What we want to look at here is how to use algorithms to create simple textures and other sound materials for use in your music. The idea/example illustrated here is rather assinine, but it does cover all the concepts you will need to know for basic algorithmic design.

To make this process easier, I came up with simple way of thinking things through before and while writing code to accomplish a given musical task.

Here it is:

Chris Bailey's Basic 8-Step Process

1) Think of and explore your idea, draw pictures, diagrams, and etc. to figure out what's happening in the different musical parameters. How is pitch changing? How is start-time happening? How is duration working? Remember that you don't necessarily have to write all of the notes in their temporal order: some algorithms may splatter notes in time randomly (not in time-order); others may write notes (or other sounds) in rhythm, from first-to-last, time-wise. All sorts of possibilities can happen, so try to open your mind to different ways of solving whatever musical problem you have.

2) Divide job into loops. (Sometimes the task you have can be accomplished with one loop that writes all of the sound involved, other times you may want to have a number of loops write the sounds for different sections of a segment of music, for example.)

3) Basic set-up stuff: Here is where you write statements at the top of the score for things that won't be changing during the algorithmic process. Thus commands like rtsetparams() , opening input and output files with rtinput() and rtoutput() , certain makegen()s, (if they're not going to be changing throughout the score), and so on.

Repeat 4-7 for each loop

4) Outline each loop. Type your while or for statements, and then add brackets below, into which you will eventually insert your loop(s).

5) Action Statements. Write out the statements that actually make the sound. (typically the instrument name(s), as in WAVETABLE or the like.) Then fill in their parameters with variables.

6) Work outwards from the Action Statements, figuring out how each parameter will be determined each time the loop goes around---pitch,duration,start, etc.

7) Initialize all variables before each loop starts.

8) Run it, test it, fix it, modify it, love it.

OK, now I describe these steps in more detail:

step 1) Think of your idea. Draw a picture. Figure out what's happening in terms of pitch, rhythm (start-times), durations, articulations (amplitude envelopes), loudness, stereo placement, and whatever other factors are involved in the instrument(s) you're using.

Sammy the Serialist Example, cont.’: Let's see. . . I have an Evil 12 Tone Row, and I want to make a nice leapy melody, with the pitch-classes cycling through my Evil Row. Of course, they must always come in different octaves. The rhythm--well, I'm an evil serialist, so of course I want it to be based on my row. The duration of any note will be simply to sound until the next note. I want the articulations to be either an Sfp attack, or else a hairpin (<>) kind of articulation. Loudness--well, of course, it, too must be based on the row! HaHa! And stereo placement too!! Ha ha ha!!

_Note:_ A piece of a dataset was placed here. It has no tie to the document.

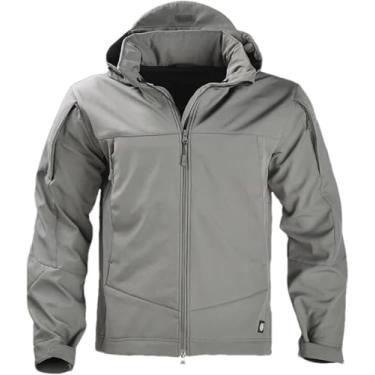 Imagem de Jaqueta Masculina Outono Inverno Fleece Tático Terno Jaqueta De Tempestade Jaqueta Tática Soft Shell À Prova De Vento E À Prova D'água, Gray, L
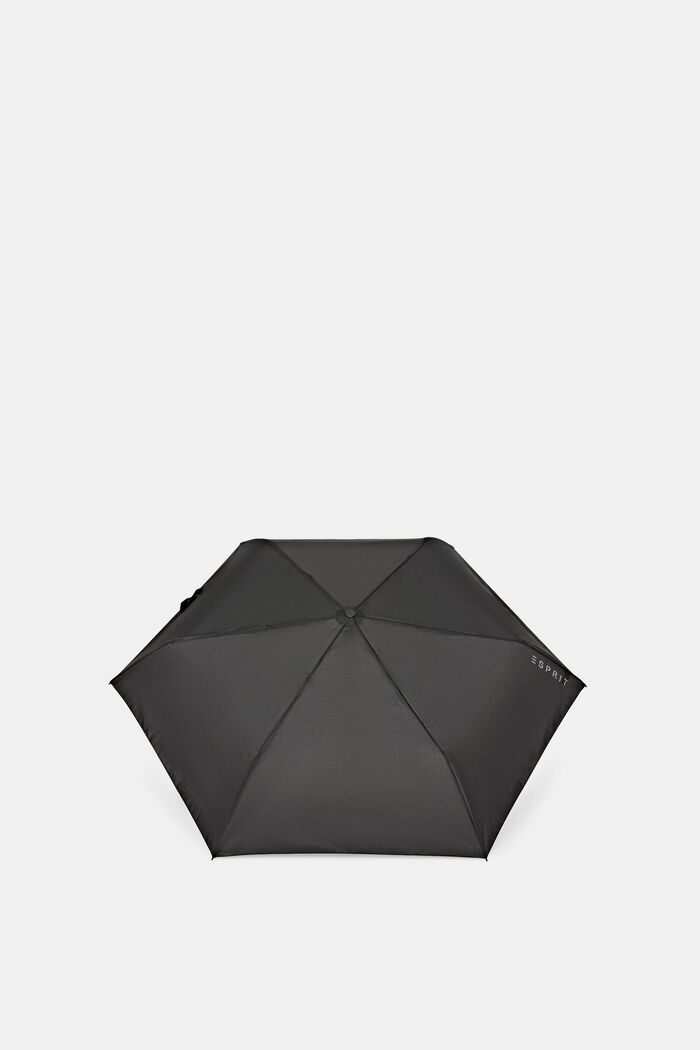 Opvouwbare, zwarte easymatic slimline paraplu, BLACK, detail image number 1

So, now you've thought of how your musical excerpt is going to work. Now, go on to the next step--

step 2) Divide your job into as many separate simple-as-possible loops as you can. In general, a single loop should create either a single line, or a uniform or uniformly changing texture.

Sammy Example, cont.: I think I will only need one loop, since I am creating one line of pitches. Later on, for counterpoint, I can use more loops.

step 3) Begin by defining basic stuff, like your output file, your input files, any makegens that stay the same for the entire thing, etc.

Sammy Example, cont.:

rtsetparams(44100, 2)
rtoutput("evil.rows.aiff")
makegen(1, 10,1000, 1, .2, .2, .2, .1)

These are the basic setup items for our script. "Timbre" stays the same--(which, for WAVETABLE is makegen slot 1). But articulation, (i.e.--amplitude envelope, which for WAVETABLE is makegen slot 2, (and usually type 24)) changes, so that will be "in" the loop--we’ll get to it later on.

step 4)Write the outlines of your loop(s). This means, basically, control (while or for) statements, plus (if necessary) a statement at the end of the loop that increments your counter.

while: As long as the expression in () is True, then the stuff below, the statements in {} will execute. After the stuff in {} is done executing, the () expression is tested again, if still True, then the statements in {} are executed again, and so on, until the () expression is False, then the {} stuff is skipped and the program goes on.

Example:

while (x<100)

{

statements, commands, 'n' stuff

x=x+1

}

Here the {} stuff will execute over and over until x=99. Then the {} stuff will execute one more time, then x=x+1=100, and "x<100" will now be a False statement, so the the program will skip the {} stuff and go on.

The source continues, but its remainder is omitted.